In imitation of their southern neighbours the Assyrians used the column especially in chapels of little importance, in which the supports had no vault or terrace to uphold. Bas-reliefs from Khorsabad and Kouyunjik represent sanctuaries the roof of which is supported by small columns with a base and a capital, which partake at once of the Ionic and of the Doric order of the Greeks ([fig. 47]). These little structures recall the Chaldæan shrine of the god Samas ([fig. 29]). An object which appears to be the base of a small column exists in the Nimroud Gallery of the British Museum. It is of sandstone, and, to judge from its size, it must have formed part of a small chapel or shrine, such as we see in the sculptures. The ornamental design upon it is partly similar to that of the large capital figured above, but presents some variations from it. There is a small hole into which the pillar was doubtless fastened by a peg or metal dowel.

The Assyrian palace, like Arab houses, developed itself entirely in area, and not in height; there was rarely a second story on the platform. Nevertheless such a second story exists sometimes; it is then open at the sides, and the roof is supported by small columns. These columns, of wood rather than of stone or brick, form a gallery over the façade, and they are adorned at their upper extremity with a double volute as a capital. Bas-reliefs show us houses thus surmounted by a colonnade, which supports a light, flat roof of wooden beams. At the present day, houses in Kurdistan are still built on the same lines, and show an identical arrangement in two stories; the lower without windows, the upper open at the sides.

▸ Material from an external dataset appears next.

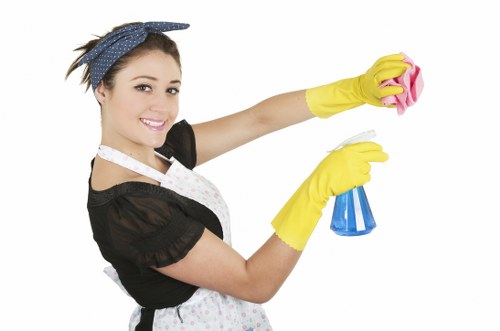 Dust and stain removal from a rug in Wimbledon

Fig. 48.—Base of small column (British Museum).

In a word, the Assyrians, like the Chaldæans, not having at their disposal building-stone in great abundance, were obliged to construct their edifices almost exclusively of brick, the capabilities of which they tried to the utmost. The result of this was that they never had those halls of columns which are the triumph of Egyptian architecture. However thick one may suppose pillars of brick, or columns formed of bricks moulded in the shape of segments of a circle, to be, these supports will never offer the same guarantee of solidity as the stone column. Wherever a heavy burden, such as a vault or a terrace, had to be supported, great walls were raised of an extraordinary thickness, which it would have been imprudent to pierce with windows capable of diminishing its resistance. Air and light only penetrated into the apartments by the doors; often, too, an opening was contrived at the summit of the vault or dome, formed of a cylindrical pipe of burnt clay carried through the entire thickness of the structure.

§ II. Palaces.

The town of Dur-Sarrukin (the Fortress of Sargon) stood three leagues north of Nineveh, on the Khaswer, one of the branches of the Tigris, where the Kurdish village of Khorsabad has been built. Discovered in 1843 by E. Botta, French Consul at Mosoul, it was almost completely excavated by this illustrious explorer and his successor, Victor Place, and it is from Khorsabad that most of the Assyrian monuments in the Louvre come. It was the custom that each of the Ninevite monarchs should have a special palace built at some distance from the great Assyrian capital, and this became the royal residence round which stood the dwellings of the court-officers, the guards, the servants, and all persons who depended upon the prince or lived at his expense. Dur-Sarrukin was built by Sargon, the father of Sennacherib, about the year 710 before our era. The palace and the town which was annexed to it formed a group of structures contained within a fortified enclosure ([fig. 49]) the plan of which was a square of 5905 feet.